ACTIONS ALIMENTAIRES EUROPÉENNES

Les cours des actions alimentaires européennes
(-8,4 % depuis début 2008), soutenus par des rendements sur dividende corrects, ont fait un petit peu mieux que la moyenne des Bourses européennes (-9,06 % sur la même période).

Bien préparées
Si les sociétés du secteur alimentation et boissons ne s’effondrent pas, malgré la hausse de prix des produits de base qui sévit depuis 2007, c’est parce que beaucoup avaient déjà adopté une stratégie destinée à renforcer leur rentabilité, voire même à l’améliorer.

· Focus sur la valeur ajoutée
Des groupes comme Nestlé ou Danone ont compris très tôt que, pour concurrencer les produits génériques, il fallait s’en démarquer par une nette différence de qualité et mettre celle-ci en valeur. Ils ont ainsi lancé davantage de produits premium, à haute valeur ajoutée, qui mettent l’accent sur la santé et le bien-être et s’adressent à une clientèle plutôt aisée. Cette stratégie a permis de réduire le poids des matières premières dans le coût de production et aussi de ménager une plus grande marge de manœuvre pour relever les prix de vente. Pour les brasseurs néanmoins, cette stratégie premium semble moins bien fonctionner. Car si le consommateur accepte aisément de dépenser davantage pour des aliments bons pour sa santé, comme p. ex. l’Actimel de Danone, il n’en va pas de même pour le verre de bière…

· Expansion dans les pays émergents
Ces dernières années ou même décennies, bon nombre de sociétés du secteur ont aussi largement investi dans les pays émergents, où la croissance économique est nettement plus forte que dans les pays occidentaux. Pour certaines, ces zones génèrent déjà plus d’1/3 du chiffre d’affaires. Une stratégie particulièrement bénéfique à p.ex. Unilever et Coca-Cola. Et ce n’est qu’un début : au fur et à mesure que le pouvoir d’achat augmentera dans ces pays, le consommateur achètera de plus en plus de produits plus chers, ce qui stimulera la croissance des profits.

· Economies
Enfin la réduction des frais généraux est abordée de diverses manières. Les produits n’offrant qu’une trop maigre rentabilité sont éliminés. D’autres sont développés pour devenir des blockbusters (chiffre d’affaires annuel d’au moins 1 milliard de dollars). Et des fusions et acquisitions permettent de créer des synergies de coûts. Les spécialistes dans ce domaine sont surtout Pernod-Ricard et InBev. Ce dernier pourrait même encore lancer une offre sur son gros concurrent américain Anheuser-Bush ou sur le sud-africain SAB Miller. Certes, il a déjà démontré son savoir-faire en la matière, mais tout dépendra du prix consenti et des méthodes de financement choisies.

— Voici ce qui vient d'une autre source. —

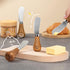 Stainless Steel Vertical Knife Set, 4 PCS Acacia Wood Handle Charcuterie Accessories for Butter, Cheese, Fruit, Jam, Ideal Kitchen Baking and Part...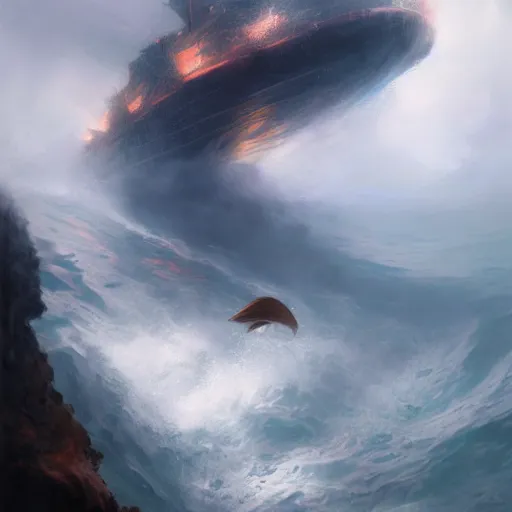 Prompt: a dream fantasy painting of a scuba diver trapped in a maelstrom, trending on artstation, deviantart, matte painting by greg rutkowski, holly bruce, jon kuo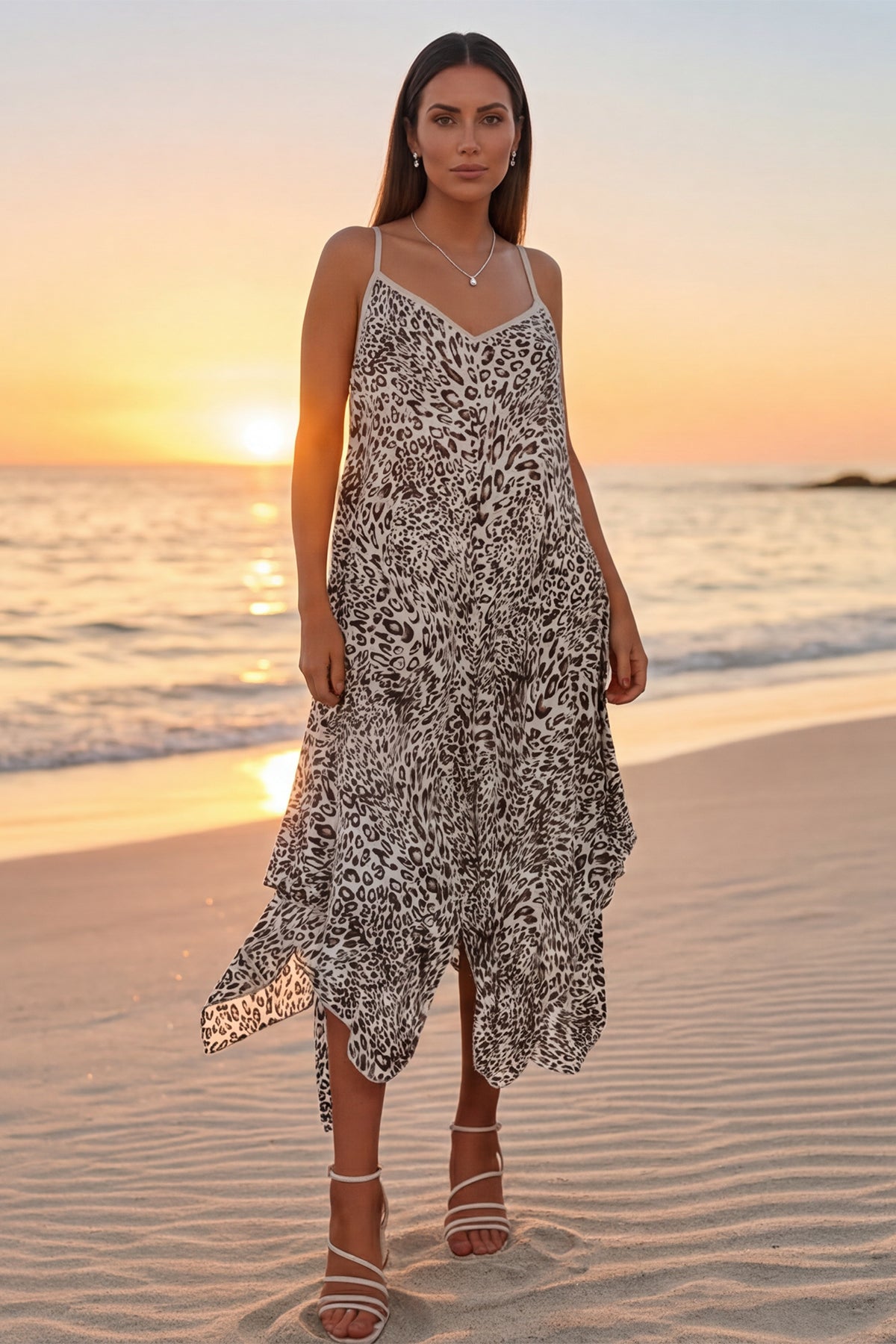 Italian Leopard Strappy Hanky Hem Dress for Women — gallery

Des craintes, pas d’angoisse
Si le secteur alimentation et boissons peut encore faire honneur à son image défensive, il n’est pas pour autant totalement immunisé contre le risque conjoncturel. Si les prix des denrées devaient encore fortement grimper ces prochains mois et prochaines années, et enliser l’économie mondiale dans un malaise durable, le secteur n’en sortirait pas indemne, d’autant que les marques les plus faibles souffriraient encore plus de l’essor des produits génériques. Mais nous ne croyons pas à ce scénario catastrophe. Nous voyons plutôt les prix des aliments de base se stabiliser à un niveau élevé et l’économie mondiale croître de 3,4 % en 2008 et de 3,8 % en 2009, grâce notamment au maintien d’une forte croissance dans les pays émergents.

Nos conseils
Les actions alimentaires sont en assez bonne posture. C’est e.a. grâce à la fréquente générosité des sociétés avec les actionnaires. InBev a ainsi sensiblement relevé son dividende, le rendement sur dividende moyen du secteur est de ±3 % brut et quelques sociétés procèdent à des rachats d’actions propres (Nestlé p.ex., étale sur 3 ans le rachat de 25 milliards de francs suisses de son capital, soit 12% de sa capitalisation boursière).
Globalement, le secteur n’est pas bon marché.

Parmi les titres que nous suivons, quatre sont chers : Danone, Heineken , Pernod-Ricard  et Unilever . Vous avez intérêt à les vendre.

D’autres, correctement évalués, peuvent rester en portefeuille : Diageo , Cadbury, Coca-Cola , InBev, Miko et Nestlé .

Un seul est bon marché et conseillé à l’achat : Kraft Foods . Libéré depuis 2007 de sa maison mère Altria (ex Philip Morris), le groupe a encore des possibilités de rattrapage en matière d’internationalisation, d’économies de coûts, d’innovation… et dispose de moyens financiers à la hauteur de ses ambitions.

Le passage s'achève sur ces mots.